#### [WHAT THE EXERCISE ASKS]
Reproduce exactly the stretch of lines running from the line with "Birkenstock Sneakers Bruin, vergelijk" to the end of the entries below.

Brief descriptive captions
*** Block opens ***
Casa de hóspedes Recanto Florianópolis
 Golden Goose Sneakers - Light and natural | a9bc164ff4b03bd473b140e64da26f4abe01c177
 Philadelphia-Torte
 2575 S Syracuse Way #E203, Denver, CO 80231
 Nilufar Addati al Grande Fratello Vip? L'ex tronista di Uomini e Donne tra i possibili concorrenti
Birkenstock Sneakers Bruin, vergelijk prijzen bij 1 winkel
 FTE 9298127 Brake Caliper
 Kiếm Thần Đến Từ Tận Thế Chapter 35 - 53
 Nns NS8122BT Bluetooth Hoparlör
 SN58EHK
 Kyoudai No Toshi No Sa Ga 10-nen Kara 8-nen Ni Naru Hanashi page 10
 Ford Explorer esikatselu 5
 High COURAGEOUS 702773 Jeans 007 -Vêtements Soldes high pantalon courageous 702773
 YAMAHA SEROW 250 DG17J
*** Block closes ***
#### [REPLY TO THE TASK]
Birkenstock Sneakers Bruin, vergelijk prijzen bij 1 winkel
 FTE 9298127 Brake Caliper
 Kiếm Thần Đến Từ Tận Thế Chapter 35 - 53
 Nns NS8122BT Bluetooth Hoparlör
 SN58EHK
 Kyoudai No Toshi No Sa Ga 10-nen Kara 8-nen Ni Naru Hanashi page 10
 Ford Explorer esikatselu 5
 High COURAGEOUS 702773 Jeans 007 -Vêtements Soldes high pantalon courageous 702773
 YAMAHA SEROW 250 DG17J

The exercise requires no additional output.